• TASK ITEM:
Copied exactly and without pictures, the lines from the beginning of the entries through the one that holds "THREE-WAY OIL RETURN FITTING" should form the entire reply.

• INPUT DATA:
★ ★ ★ ★

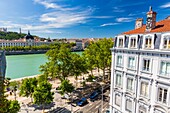 France, Rhone, Lyon, historical site listed as World Heritage by UNESCO, quay Victor Augagneur, Rhone River banks with a view of Hotel Dieu and Notre Dame de Fourviere Basilica\n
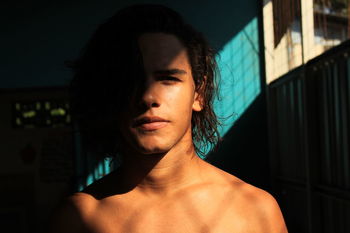 Sunlight falling on shirtless young man at home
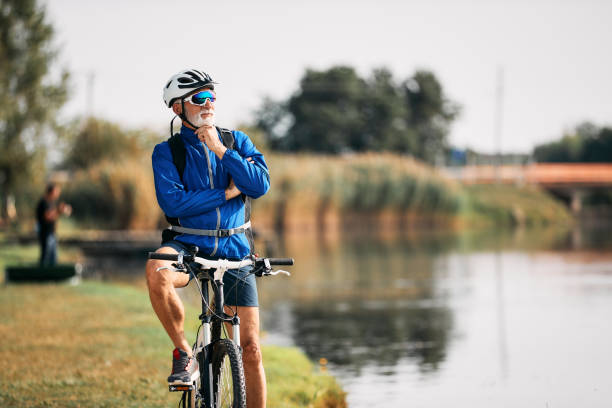 istock Senior cyclist enjoying the view while taking a break by the lake. 1346583532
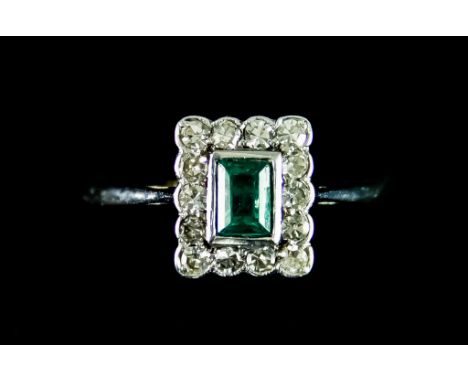 An Emerald and Diamond Ring, set with a centre faceted emerald stone approximately .50ct, surrounded by small brilliant cut d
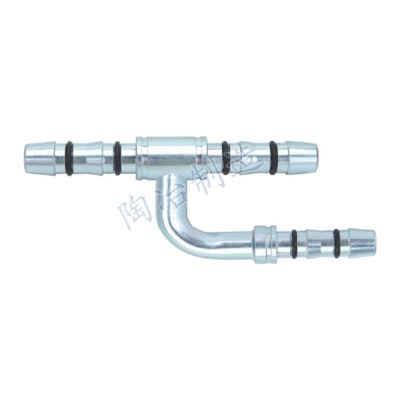 THREE-WAY OIL RETURN FITTING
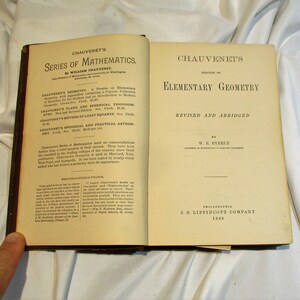 May include: A vintage book titled "Chauvenet's Elementary Geometry, Revised and Abridged" by W.E. Byerly, published by J.B. Lippincott Company in 1888.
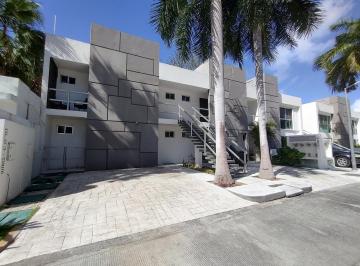 una fachada de un edificio de departamentos en condominio anemonas playacar · Estudio en Venta en Condominio Anemonas Playa del Carmen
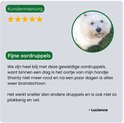 Klantenrecensie met 5 sterren voor fijne oordruppels van TraumaPet, met foto van een witte West Highland Terrier.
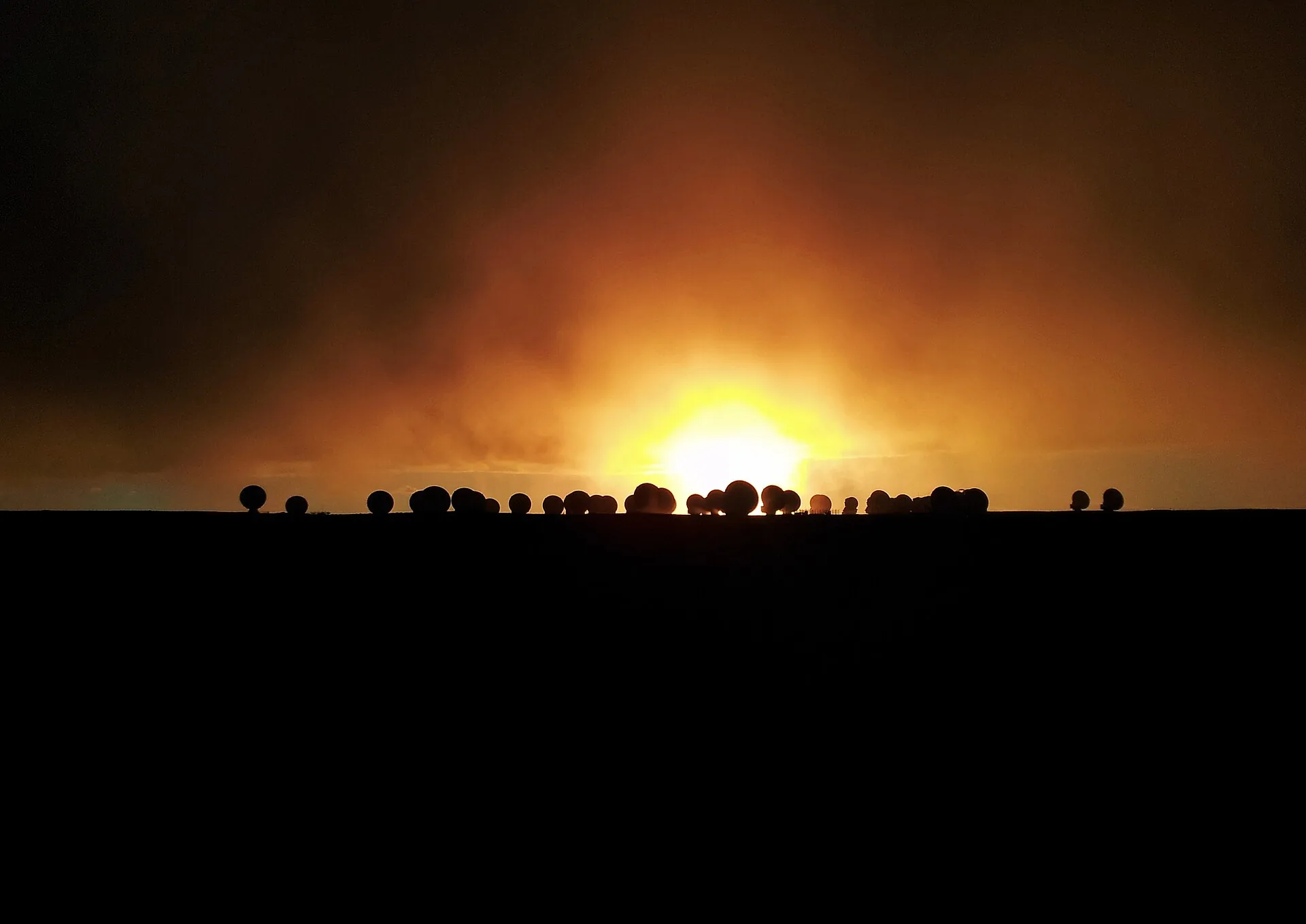 Sol rojizo sobre el horizonte de una meseta andina al anochecer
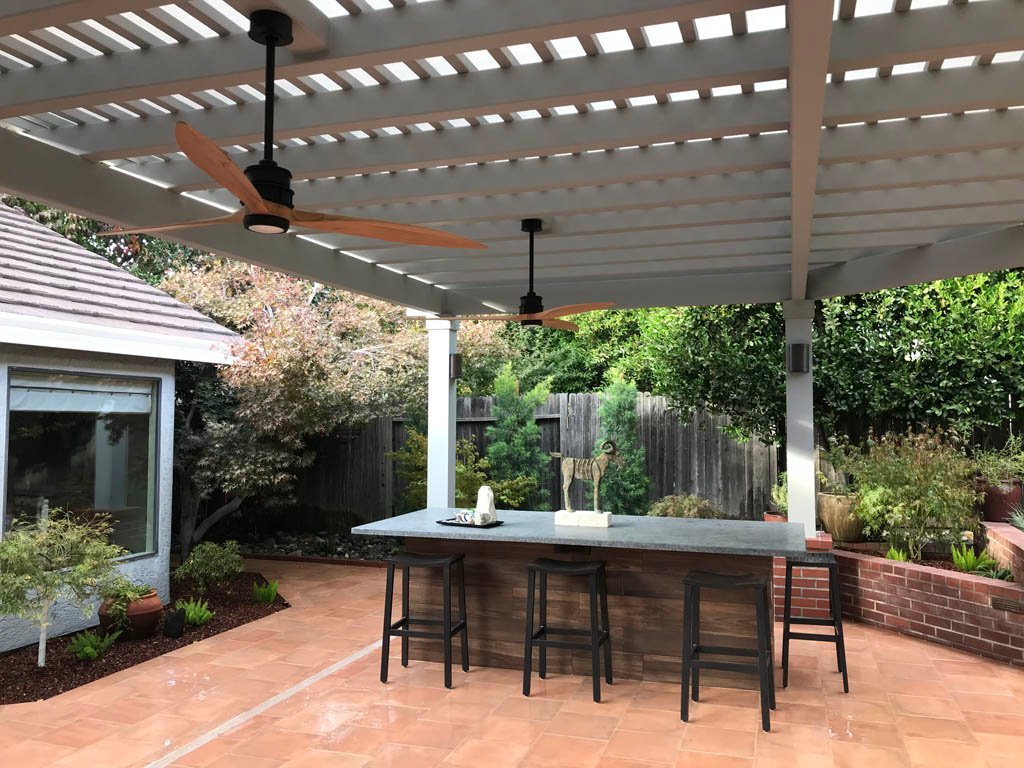 Spacious outdoor patio with overhead pergola and ceiling fans.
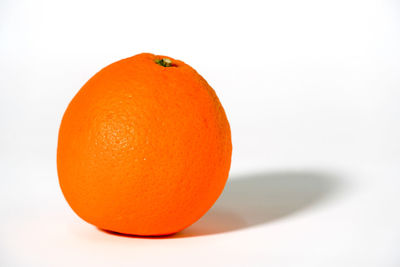 Close-up of orange slice against white background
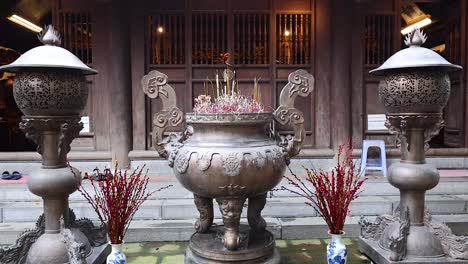 incense burning at a temple in hanoi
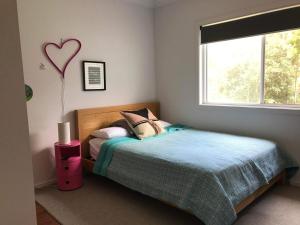 a bedroom with a bed with a heart balloon on the wall at Coastal 4 bedroom Sawtell home with Pool in Sawtell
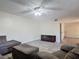 Spacious living room with a ceiling fan and ample seating with a view of other rooms in the home at 95 Moonstone Ct, Port Orange, FL 32129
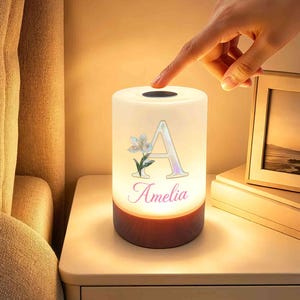 May include: A cylindrical bedside lamp with a warm glowing white shade featuring a large letter A, a small floral illustration, and the name Amelia printed in pink. The lamp has a dark wood-toned base and a circular touch-sensitive top.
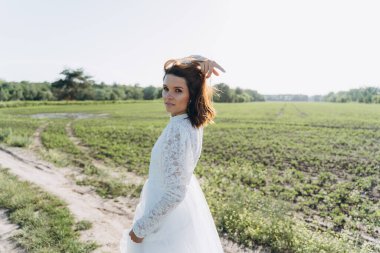 Yeşil tarlada duran uzun beyaz elbiseli çekici kadının portresi. 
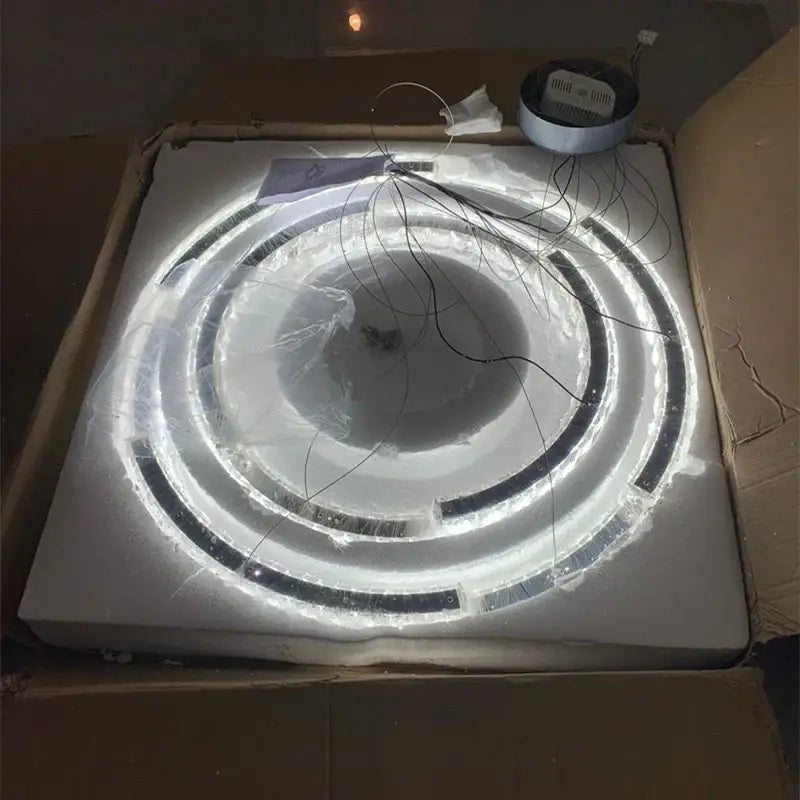 Modern double ring decorbites crystal ceiling chandelier with bright white LED rings and black accents in protective wrap
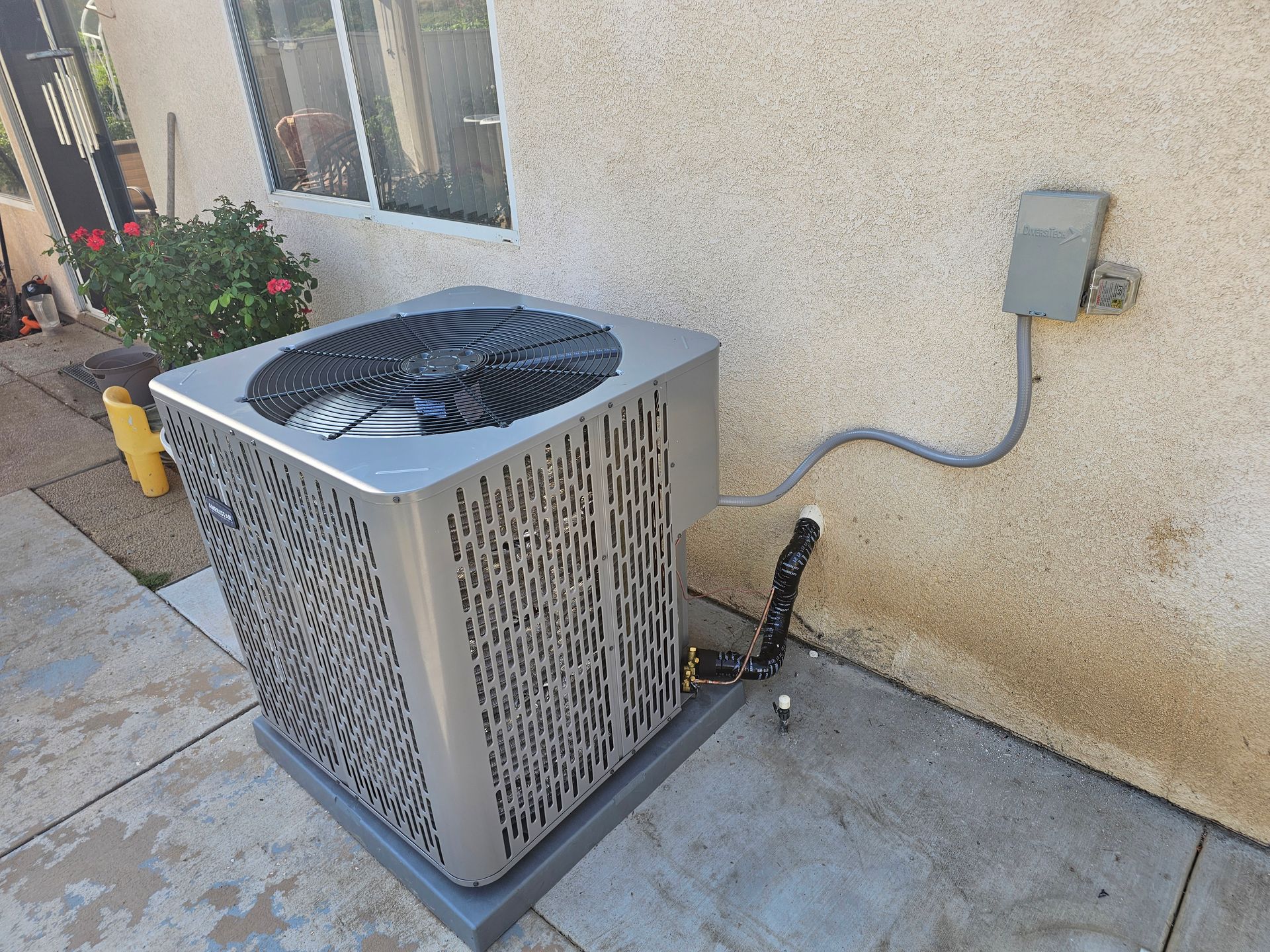 An air conditioner is sitting on the side of a building next to a window.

★ ★ ★ ★

• RESPONSE FOR THIS EXERCISE:
 France, Rhone, Lyon, historical site listed as World Heritage by UNESCO, quay Victor Augagneur, Rhone River banks with a view of Hotel Dieu and Notre Dame de Fourviere Basilica\n
 Sunlight falling on shirtless young man at home
 istock Senior cyclist enjoying the view while taking a break by the lake. 1346583532
 An Emerald and Diamond Ring, set with a centre faceted emerald stone approximately .50ct, surrounded by small brilliant cut d
 THREE-WAY OIL RETURN FITTING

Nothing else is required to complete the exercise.